Supplied information
============================================================

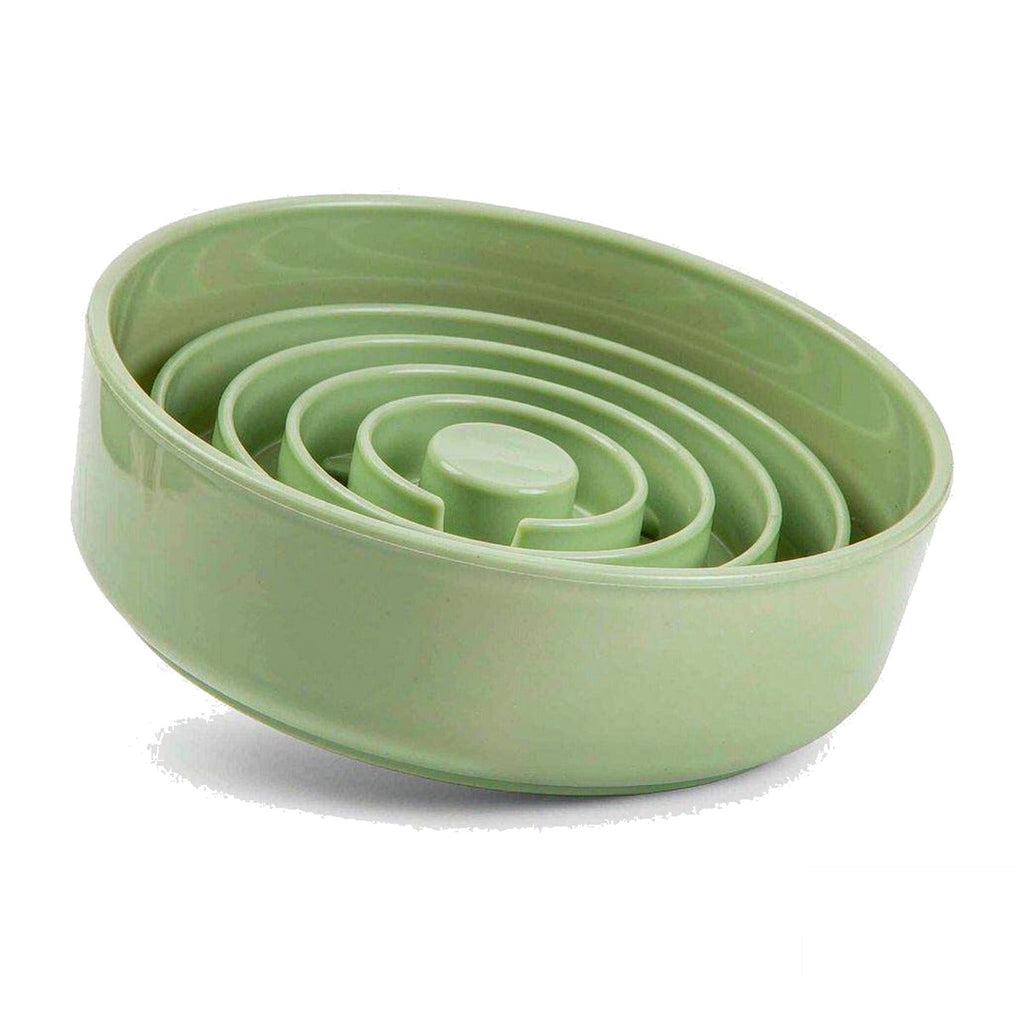 Pawluxia Slow Feeder Bowl for Dogs & Cats | Pawluxia Pet Care Australia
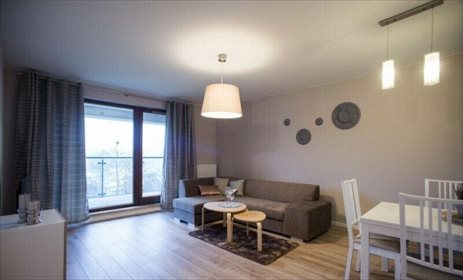 mieszkanie na wynajem 54m2 mieszkanie Gdańsk, Suchanino, Focha
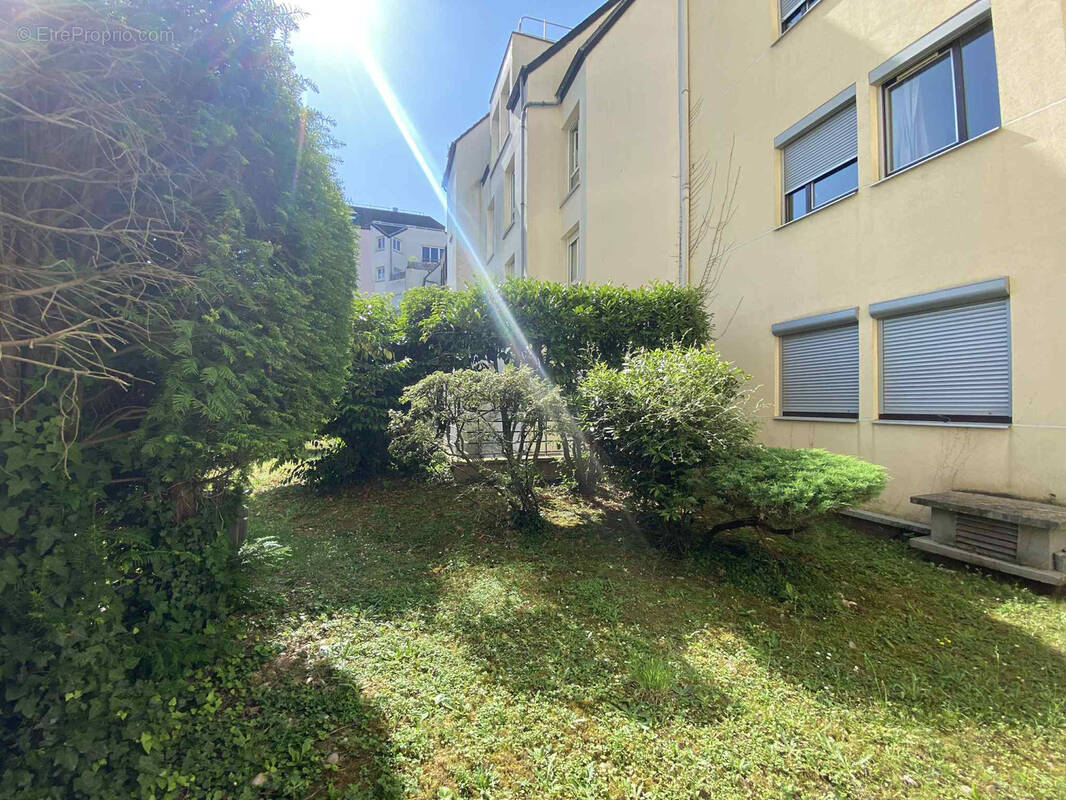 Appartement à CLAMART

============================================================

Try it
Line for line, retype the material exactly, omitting any pictures.

Answer to this exercise
 Pawluxia Slow Feeder Bowl for Dogs & Cats | Pawluxia Pet Care Australia
 mieszkanie na wynajem 54m2 mieszkanie Gdańsk, Suchanino, Focha
 Appartement à CLAMART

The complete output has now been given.